[Data for processing]:
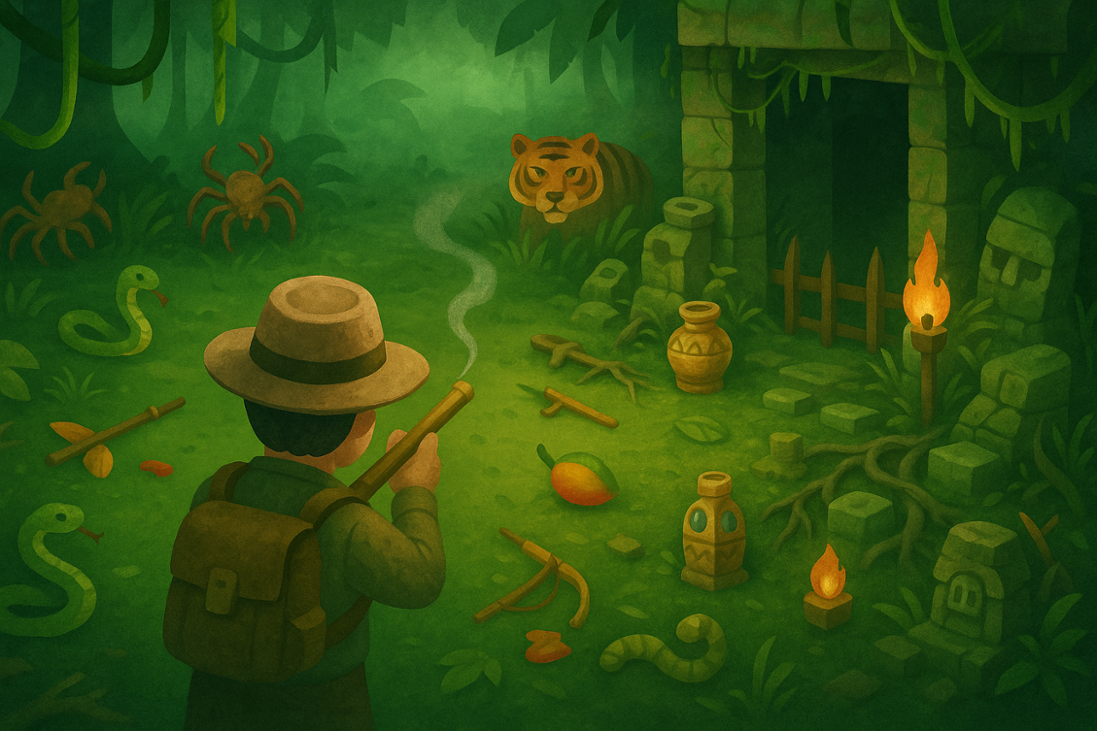 Games like Jungle Relic Quest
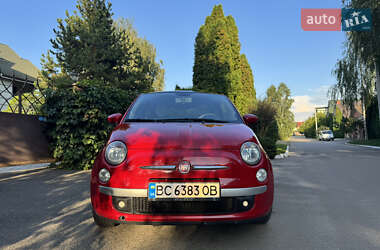 Хэтчбек Fiat 500 2013 в 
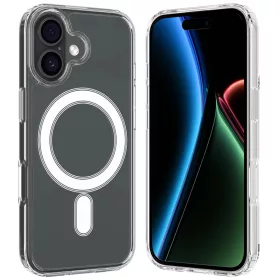 iPhone 17 Átlátszó Techsuit MagSafe Pro tok-5949419289673 1 kép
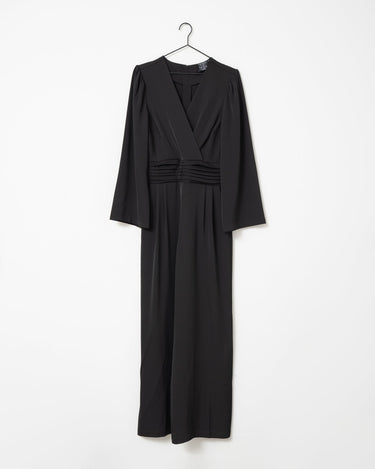 TILTIL Sia Jumpsuit Longsleeve Black - Things I Like Things I Love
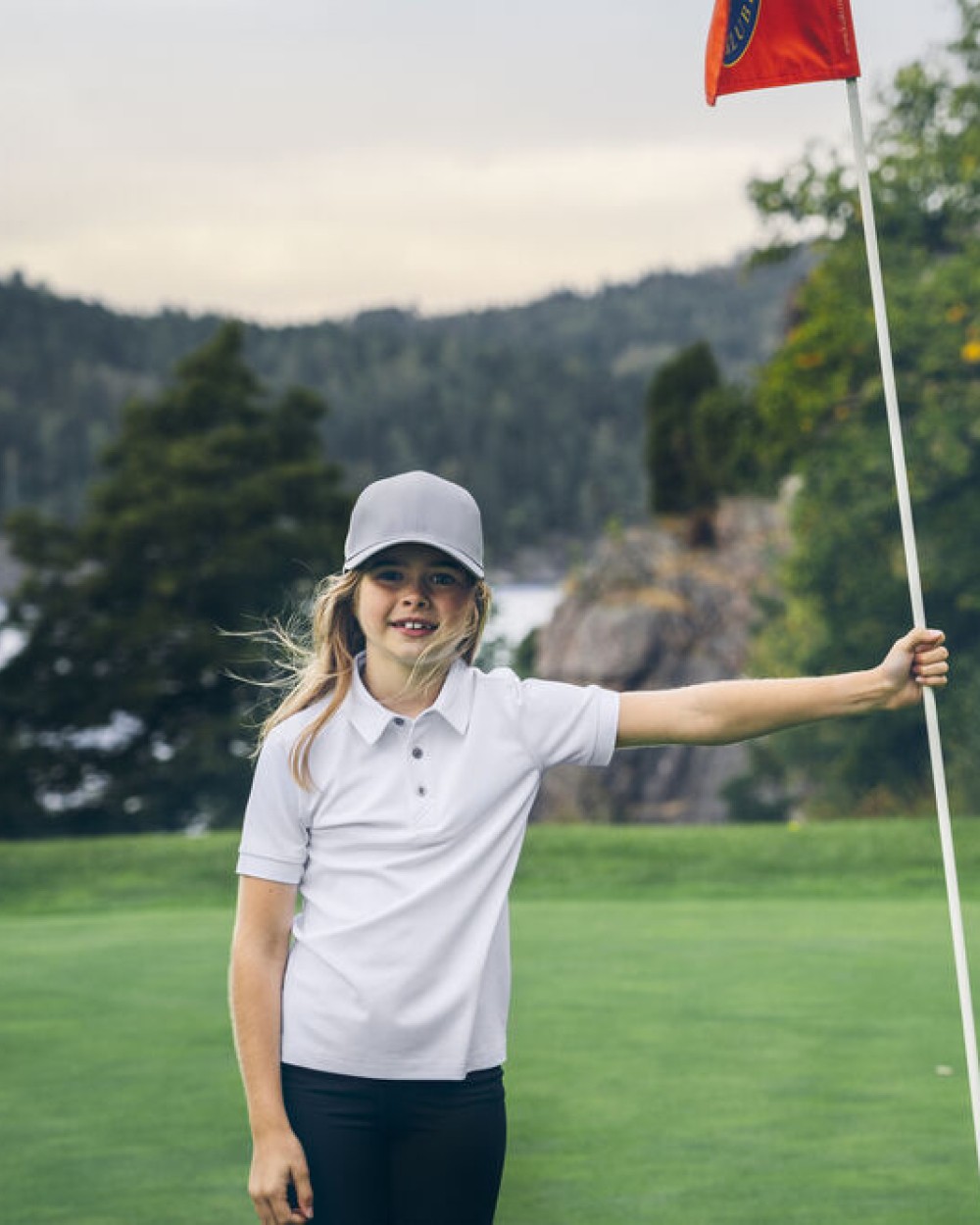 Petjes CUTTER & BUCK Wauna Cap Junior voor bedrukking &amp; borduring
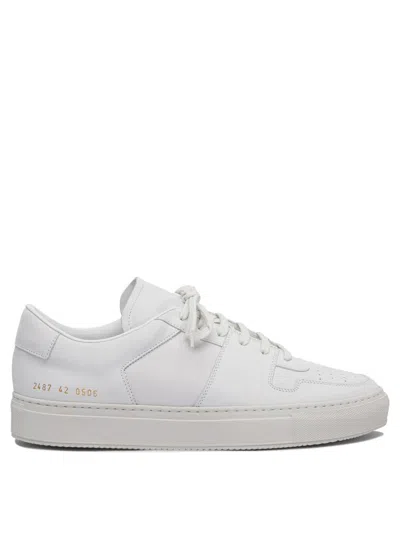 Common Projects Minimalist White Sneakers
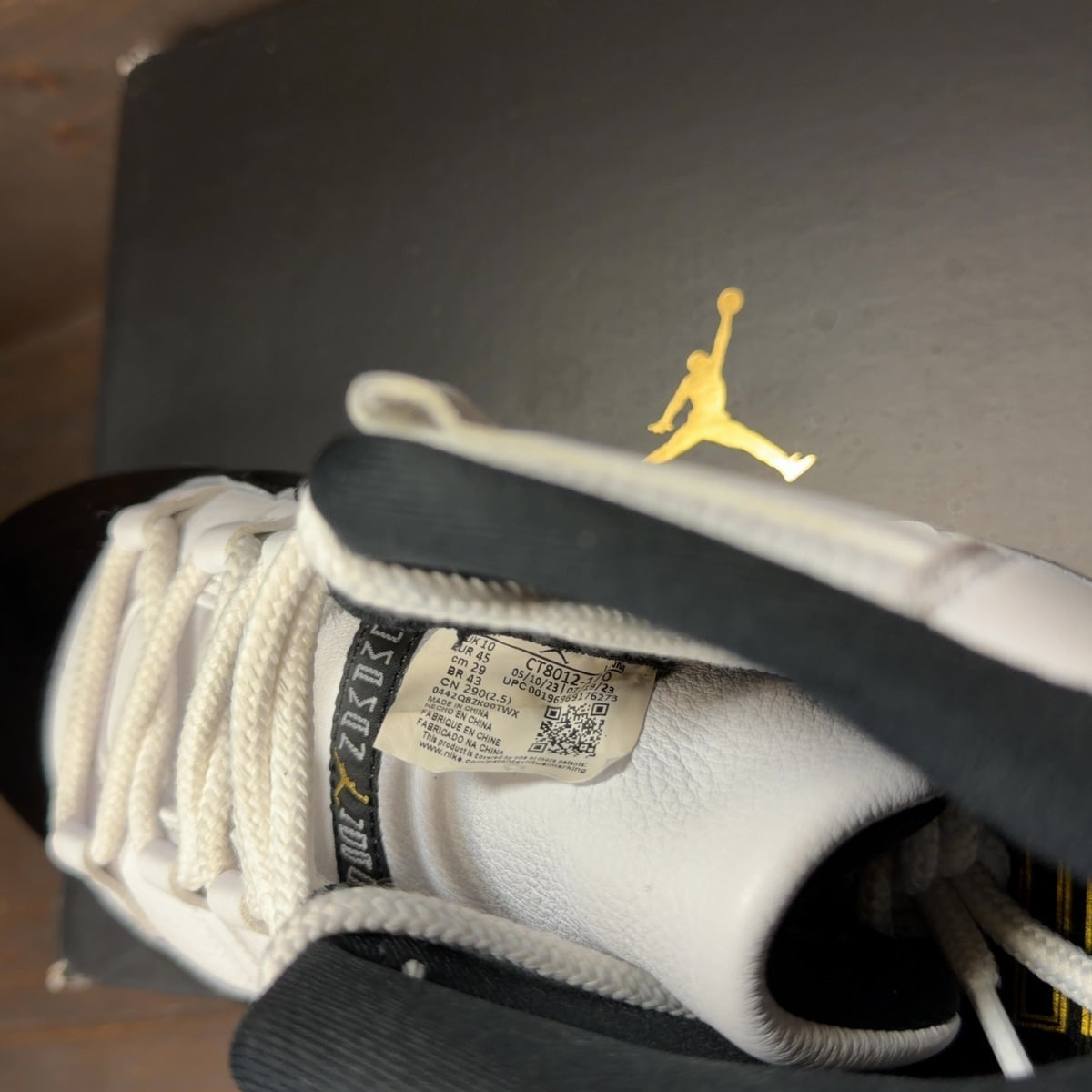 Jordan 11 Retro DMP Gratitude (2023) - Image 7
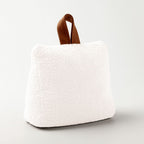 Textino Teddy - Deurstopper 18x8x18 cm - Tofu - Beige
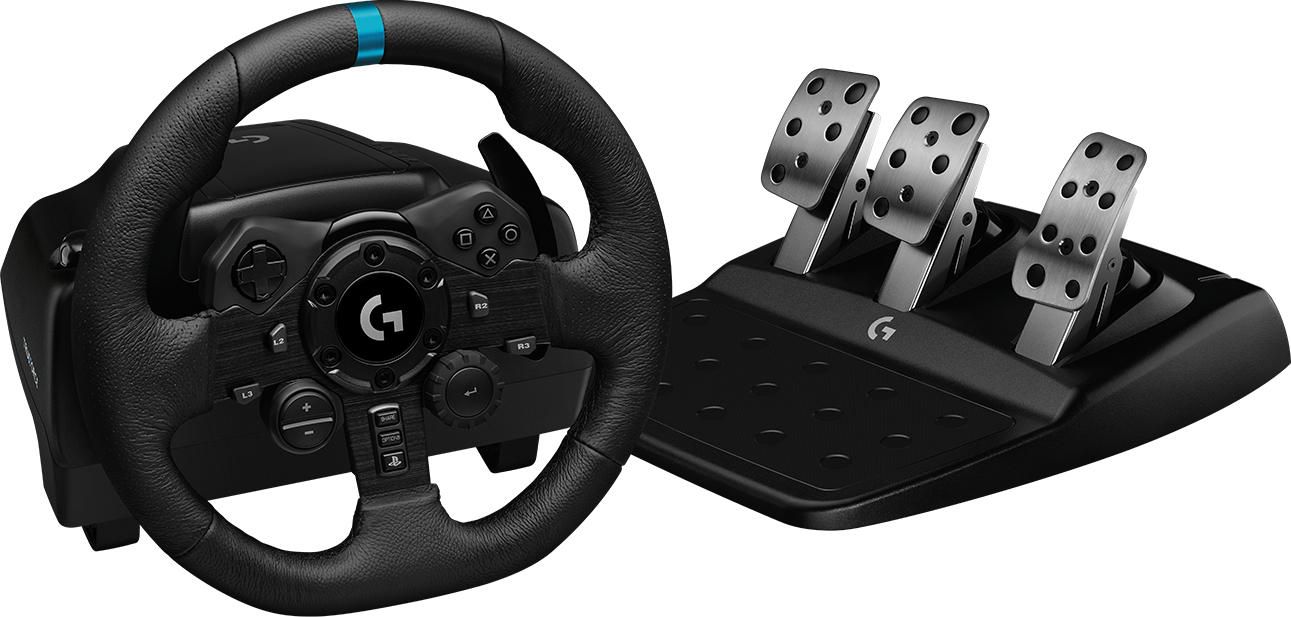 Image of Logitech G923 RAC.WHEEL A.PEDALS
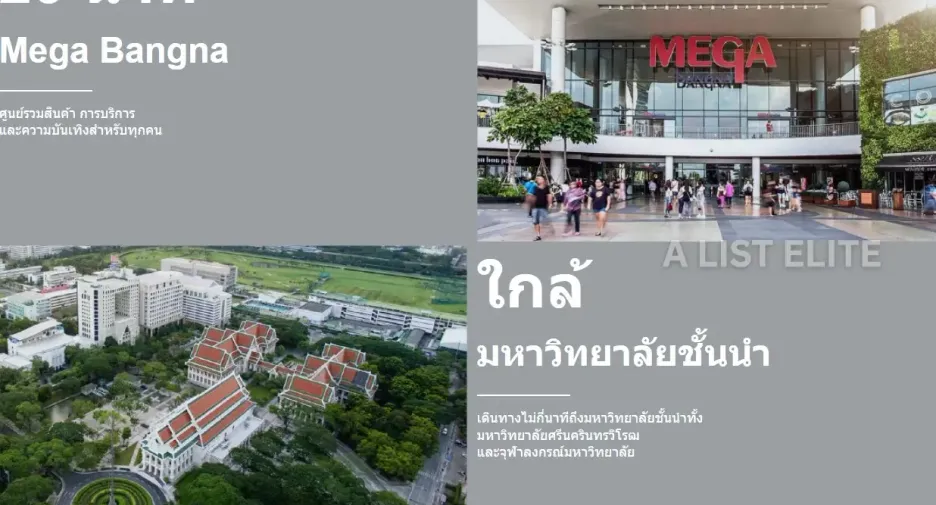 For sale 1 bed condo in Phra Khanong, Bangkok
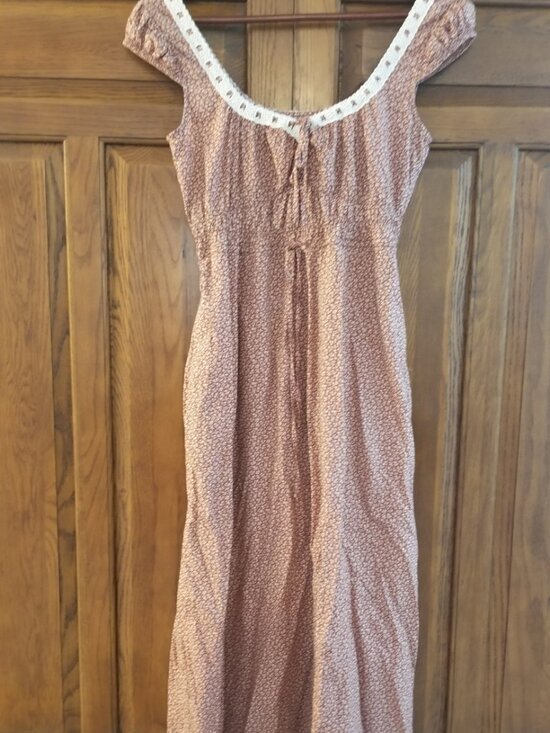 Christy Dawn Dresses & Skirts - Christy Dawn Heart Floral Kelly XS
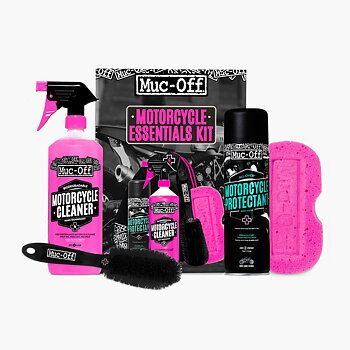 MUC-OFF Motorcycle Care Essentials Kit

[What to do]: Exactly the lines from the one containing "Jordan 11 Retro" through the last line of the data above should be output, both ends included, with every picture left out.

[Output for this exercise]:
 Jordan 11 Retro DMP Gratitude (2023) - Image 7
 Textino Teddy - Deurstopper 18x8x18 cm - Tofu - Beige
 Image of Logitech G923 RAC.WHEEL A.PEDALS
 For sale 1 bed condo in Phra Khanong, Bangkok
 Christy Dawn Dresses & Skirts - Christy Dawn Heart Floral Kelly XS
 MUC-OFF Motorcycle Care Essentials Kit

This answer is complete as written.